In comparison, HCM is relatively more common and associated with a more favourable prognosis, although the manifestation and prognosis of HCM depend upon the degree of hypertrophy and symptoms. LV hypertrophy is characterized by heterogeneous morphologies, such as sigmoidal, reverse curve, neutral and apical patterns (9), although concentric distribution (neutral) is the most important mimicker of amyloidosis. Additionally, HCM with increased septal wall thickness may be associated with systolic anterior motion of the mitral valve, which usually leads to dynamic LV outflow tract obstruction and mitral regurgitation. Although HCM is associated with obstruction at the LV outflow tract, there can be other levels of obstruction such as in the mid-cavity. Of note, patients with apical or septal asymmetric HCM have pronounced strain reduction in these segments. Conversely, patients with amyloidosis typically present with a basal-apical strain gradient, i.e., they have lower global longitudinal strain values at the basal and spared or less attenuated values at the apical segments (7). In addition, amyloid patients usually present with greater impairment in global longitudinal strain compared to other cardiomyopathies with the same degree of wall thickness, such as asymmetric HCM pattern (7, 10). Interestingly, despite the heterogeneity in phenotypic expression of LV hypertrophy, diastolic dysfunction is noted in almost all HCM patients.

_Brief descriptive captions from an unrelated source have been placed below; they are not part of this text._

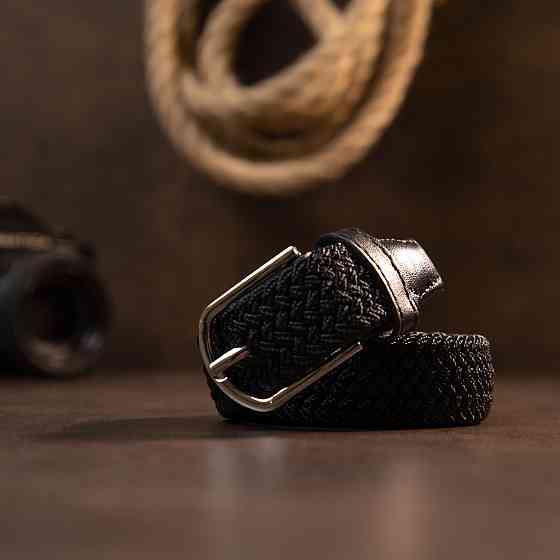 Текстильный женский ремень классика Vintage 20546 Черный Киев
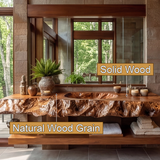 Alveric Sculpted Live Edge Solid Wood Floating Bathroom Vanity with Integrated Sink SPA365248 - Timberustic Floating Bathroom Vanity with Integrated Sink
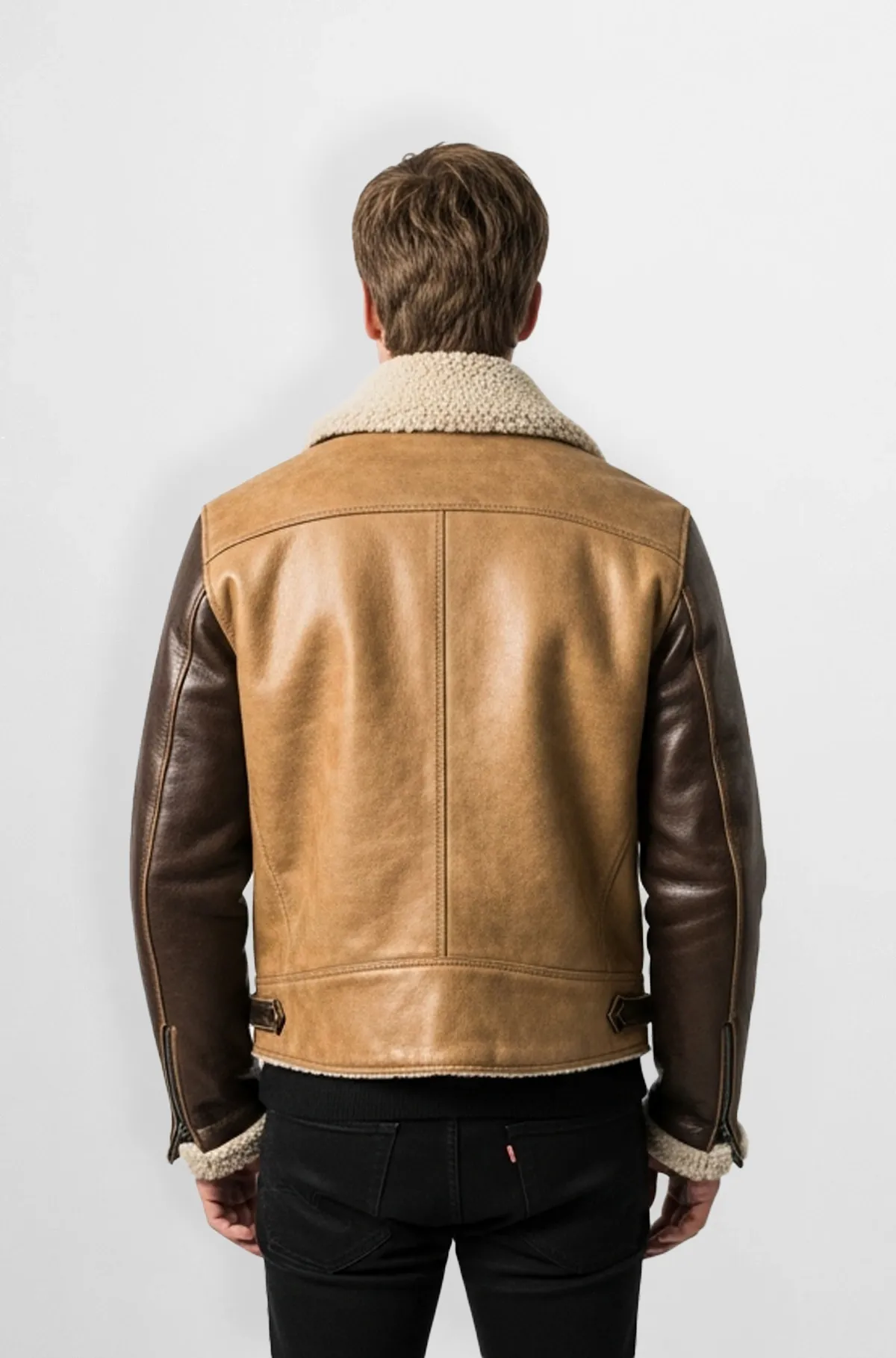 Shearling Brown & Tan Leather Biker Jacket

As discussed, several findings should alert the physician to consider investigating CA. Because AL amyloidosis is relatively rare, its presentation is insidious and progressive and depends on the extension of organ involvement, which may delay its diagnosis. In addition, CA can mimic other disorders with increased wall thickness (8). The combination of clinical, serological and echocardiographic features has an important role for predicting the outcome and establishing an accurate diagnosis.

Declaration of interest

The authors declare that there is no conflict of interest that could be perceived as prejudicing the impartiality of this case report.

Funding

This work did not receive any specific grant from any funding agency in the public, commercial or not-for-profit sector.

Patient consent

Informed written consent to publish was obtained.

Author contribution statement

Study conception and design: Drs Barros-Gomes and Villarraga. Writing the manuscript and figures: Drs Barros-Gomes and Villarraga. Drs Naksuk and Jevremovic assisted with writing and figures. Drs Naksuk contributed to patient care. Dr Jevremovic interpreted bone marrow biopsy. All authors accessed the data, revised the manuscript and approved the final manuscript.